Mit der Wahl ihres Berufes folgten die Restauratoren des Liebieghauses Harald Theiss und Miguel González de Quevedo Ibáñez einer Art Bestimmung. Damit haben sie nicht nur der etwaigen Monotonie im Arbeitsalltag den Kampf erklärt, sondern sich mit ihren konservierungstechnischen Aufgaben und mit ihrer kunsttechnologischen Forschung auch der Wiederentdeckung verlorenen Wissens verschrieben.
Was hat Sie dazu bewegt, sich beruflich der Skulptur zu verschreiben?
In gewisser Weise war unser Weg wahrscheinlich vorbestimmt, denn unsere Heimatstädte Ulm und Sevilla waren in der Vergangenheit Zentren der Skulpturenherstellung. Die dort nicht zu übersehende Präsenz von mittelalterlicher oder barocker Skulptur im Stadtbild – beide Orte besitzen Kathedralen der Superlative – hat offenbar einen ziemlich starken Einfluss auf unseren eigenen Werdegang ausgeübt.
Wie sieht ein ganz normaler Arbeitstag bei Ihnen aus?
So etwas wie einen „ganz normalen Arbeitstag“ gibt es bei uns nicht. Jeder Tag ist anders, so wie auch jedes Objekt, mit dem wir zu tun haben. Zwischen Konservierungs- und Restaurierungsarbeit, Recherche neuer Arbeitstechniken, Ausstellungsvorbereitung und kunsttechnologischer Forschung hat Monotonie keine Chance. Das ist auch das Spannende an unserer Arbeit im Liebieghaus: Die Projekte sind äußerst vielfältig.
Was ist das Besondere an Ihrer Arbeit als Restauratoren im Liebieghaus?
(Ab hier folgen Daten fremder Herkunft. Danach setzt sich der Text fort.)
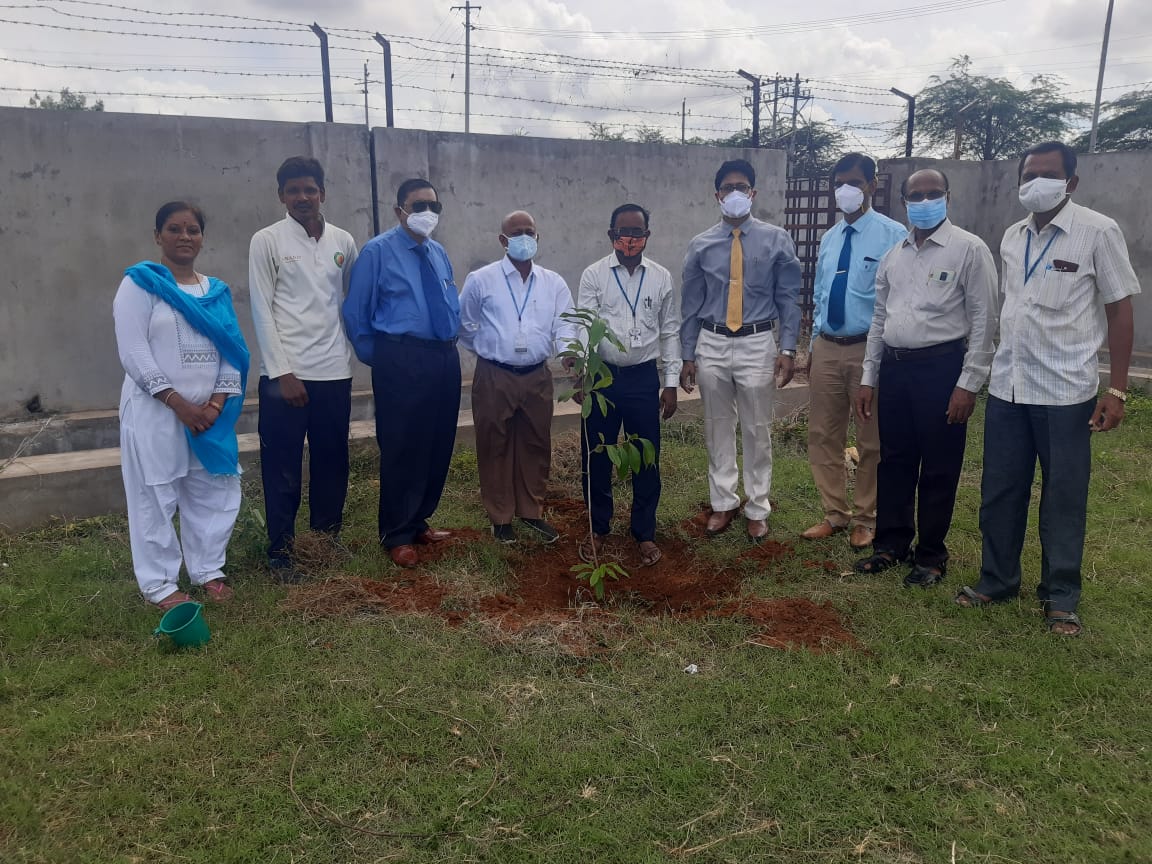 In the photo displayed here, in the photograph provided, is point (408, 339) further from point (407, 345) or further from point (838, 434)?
point (838, 434)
Das Besondere an unserer Arbeit im Liebieghaus ist, dass uns hier Möglichkeiten geboten sind, die über gewöhnliche Konservierungs- und Restaurierungsarbeiten hinausgehen. Dazu zählt beispielsweise die kunsttechnologische Erforschung alter Maltechniken und Malmaterialien. Diesen versuchen wir mittels praktischer Experimente und experimenteller Rekonstruktionen so genau wie möglich auf die Spur zu kommen. So können wir verloren gegangenes Wissen anhand dieser Techniken wiederentdecken und praktisch nachvollziehen, wie beispielsweise bestimmte alte Malmaterialien hergestellt und verarbeitet wurden. Ebenso versuchen wir in größeren Restaurierungsprojekten die Arbeitstechniken genau auf das Objekt zuzuschneiden und wenn notwendig zu verfeinern, um eine möglichst schonende Behandlung der Kunstwerke zu garantieren. Die Forschungs- und Arbeitsprozesse sind dabei meist sehr komplex und langwierig, aber gleichzeitig auch äußerst spannend.
Das Studium im Fach Restaurierung mit der Spezialisierung auf Skulptur führte Harald Theiss zunächst von seiner Heimatstadt Ulm nach Dresden und Wien. Auf seine an den Staatlichen Museen zu Berlin durchgeführte Diplomarbeit im Jahr 2000 folgten diverse Stationen als freiberuflicher Restaurator, unter anderem für die Stiftung Preußischer Kulturbesitz in Berlin, das Bayrische und das Brandenburgische Landesamt für Denkmalpflege sowie die Staatlichen Kunstsammlungen Dresden – Grünes Gewölbe. Harald Theiss war ferner als Projektangestellter am Niedersächsischen Landesmuseum Hannover und als Abteilungsleiter des Bereichs Skulpturenrestaurierung am Germanischen Nationalmuseum in Nürnberg tätig. Seit Herbst 2007 leitet er die Restaurierungswerkstatt der Liebieghaus Skulpturensammlung und ist damit für die konservatorische und restauratorische Betreuung des gesamten Sammlungsbestandes des Museums zuständig.
Dipl.-Rest. Miguel González de Quevedo Ibáñez schloss 2009 sein Studium im Fachbereich Restaurierung an der Universität Sevilla ab. Danach absolvierte er ein weiterführendes Studium im Bereich der Restaurierung von Keramikobjekten an der Escuela de Formación de Artesanos de Gelves. Ab 2010 war er in einem Restaurierungsprojekt der Stiftung Casa Ducal de Medinaceli in Sevilla tätig und wirkte 2012 an einem Restaurierungsprojekt von barocken Skulpturen am Laboratório de Figueiredo in Lissabon mit. Ab 2014 war er am Instituto Andaluz del Patrimonio Histórico in Sevilla beschäftigt. Seit 2016 ist er Mitarbeiter in der Liebieghaus Skulpturensammlung Frankfurt.